[Records provided]
------------------------

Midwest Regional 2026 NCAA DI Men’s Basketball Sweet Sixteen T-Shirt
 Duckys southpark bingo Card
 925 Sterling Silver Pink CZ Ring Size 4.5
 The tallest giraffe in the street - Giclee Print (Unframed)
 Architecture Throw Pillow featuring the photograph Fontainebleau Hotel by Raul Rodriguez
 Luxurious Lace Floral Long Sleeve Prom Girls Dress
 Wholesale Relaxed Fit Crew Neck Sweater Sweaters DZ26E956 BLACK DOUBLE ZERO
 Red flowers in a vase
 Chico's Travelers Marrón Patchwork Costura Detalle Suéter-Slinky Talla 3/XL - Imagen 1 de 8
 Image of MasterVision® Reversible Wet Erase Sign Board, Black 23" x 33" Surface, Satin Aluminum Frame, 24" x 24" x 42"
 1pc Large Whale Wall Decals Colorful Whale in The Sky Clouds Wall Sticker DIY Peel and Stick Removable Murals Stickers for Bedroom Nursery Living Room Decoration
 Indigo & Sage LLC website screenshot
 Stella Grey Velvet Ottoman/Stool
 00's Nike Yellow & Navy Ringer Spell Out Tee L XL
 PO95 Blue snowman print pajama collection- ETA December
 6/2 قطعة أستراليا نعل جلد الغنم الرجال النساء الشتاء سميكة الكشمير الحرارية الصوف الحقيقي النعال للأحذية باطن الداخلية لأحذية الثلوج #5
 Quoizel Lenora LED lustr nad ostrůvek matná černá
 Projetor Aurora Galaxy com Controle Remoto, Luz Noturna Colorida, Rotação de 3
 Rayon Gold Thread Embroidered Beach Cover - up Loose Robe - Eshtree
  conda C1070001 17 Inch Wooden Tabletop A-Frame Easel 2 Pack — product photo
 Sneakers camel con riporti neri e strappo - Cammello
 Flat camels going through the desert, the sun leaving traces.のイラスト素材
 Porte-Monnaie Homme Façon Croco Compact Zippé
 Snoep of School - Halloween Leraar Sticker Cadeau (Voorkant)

------------------------

[To do] Print the records again in full, exactly as they appear above.

[Exercise output]
Midwest Regional 2026 NCAA DI Men’s Basketball Sweet Sixteen T-Shirt
 Duckys southpark bingo Card
 925 Sterling Silver Pink CZ Ring Size 4.5
 The tallest giraffe in the street - Giclee Print (Unframed)
 Architecture Throw Pillow featuring the photograph Fontainebleau Hotel by Raul Rodriguez
 Luxurious Lace Floral Long Sleeve Prom Girls Dress
 Wholesale Relaxed Fit Crew Neck Sweater Sweaters DZ26E956 BLACK DOUBLE ZERO
 Red flowers in a vase
 Chico's Travelers Marrón Patchwork Costura Detalle Suéter-Slinky Talla 3/XL - Imagen 1 de 8
 Image of MasterVision® Reversible Wet Erase Sign Board, Black 23" x 33" Surface, Satin Aluminum Frame, 24" x 24" x 42"
 1pc Large Whale Wall Decals Colorful Whale in The Sky Clouds Wall Sticker DIY Peel and Stick Removable Murals Stickers for Bedroom Nursery Living Room Decoration
 Indigo & Sage LLC website screenshot
 Stella Grey Velvet Ottoman/Stool
 00's Nike Yellow & Navy Ringer Spell Out Tee L XL
 PO95 Blue snowman print pajama collection- ETA December
 6/2 قطعة أستراليا نعل جلد الغنم الرجال النساء الشتاء سميكة الكشمير الحرارية الصوف الحقيقي النعال للأحذية باطن الداخلية لأحذية الثلوج #5
 Quoizel Lenora LED lustr nad ostrůvek matná černá
 Projetor Aurora Galaxy com Controle Remoto, Luz Noturna Colorida, Rotação de 3
 Rayon Gold Thread Embroidered Beach Cover - up Loose Robe - Eshtree
  conda C1070001 17 Inch Wooden Tabletop A-Frame Easel 2 Pack — product photo
 Sneakers camel con riporti neri e strappo - Cammello
 Flat camels going through the desert, the sun leaving traces.のイラスト素材
 Porte-Monnaie Homme Façon Croco Compact Zippé
 Snoep of School - Halloween Leraar Sticker Cadeau (Voorkant)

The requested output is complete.